PROMPT = Nothing but the lines from the one containing "Miramar Miramar Al Aqah Beach Resort" through the last line of the data below should be returned, each copied exactly.

(Stored items from a collection)
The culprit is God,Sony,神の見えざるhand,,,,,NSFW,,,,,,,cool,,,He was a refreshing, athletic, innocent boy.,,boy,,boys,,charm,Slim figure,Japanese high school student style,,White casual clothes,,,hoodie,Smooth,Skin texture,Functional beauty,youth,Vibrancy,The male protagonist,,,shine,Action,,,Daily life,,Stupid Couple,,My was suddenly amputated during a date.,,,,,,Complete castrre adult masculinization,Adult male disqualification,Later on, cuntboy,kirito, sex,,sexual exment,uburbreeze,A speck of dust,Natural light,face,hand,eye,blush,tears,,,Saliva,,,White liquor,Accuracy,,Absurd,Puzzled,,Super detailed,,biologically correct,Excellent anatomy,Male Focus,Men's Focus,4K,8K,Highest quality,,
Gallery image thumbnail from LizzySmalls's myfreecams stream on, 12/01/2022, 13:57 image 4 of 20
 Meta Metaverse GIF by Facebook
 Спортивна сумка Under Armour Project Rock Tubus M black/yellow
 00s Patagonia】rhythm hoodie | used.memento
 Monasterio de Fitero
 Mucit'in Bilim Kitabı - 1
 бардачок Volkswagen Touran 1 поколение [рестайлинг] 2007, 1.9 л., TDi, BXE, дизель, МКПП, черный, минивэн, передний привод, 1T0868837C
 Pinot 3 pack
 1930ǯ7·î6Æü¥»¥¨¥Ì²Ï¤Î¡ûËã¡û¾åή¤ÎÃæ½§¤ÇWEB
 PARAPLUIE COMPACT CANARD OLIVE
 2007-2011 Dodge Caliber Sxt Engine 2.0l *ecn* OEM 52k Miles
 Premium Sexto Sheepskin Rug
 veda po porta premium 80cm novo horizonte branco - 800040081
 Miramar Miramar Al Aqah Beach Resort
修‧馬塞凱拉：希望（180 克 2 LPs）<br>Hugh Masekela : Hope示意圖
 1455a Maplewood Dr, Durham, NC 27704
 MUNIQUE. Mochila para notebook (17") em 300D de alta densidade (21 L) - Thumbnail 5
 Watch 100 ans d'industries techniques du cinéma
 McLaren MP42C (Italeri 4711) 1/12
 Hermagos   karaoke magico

YOUR SOLUTION =
 Miramar Miramar Al Aqah Beach Resort
修‧馬塞凱拉：希望（180 克 2 LPs）<br>Hugh Masekela : Hope示意圖
 1455a Maplewood Dr, Durham, NC 27704
 MUNIQUE. Mochila para notebook (17") em 300D de alta densidade (21 L) - Thumbnail 5
 Watch 100 ans d'industries techniques du cinéma
 McLaren MP42C (Italeri 4711) 1/12
 Hermagos   karaoke magico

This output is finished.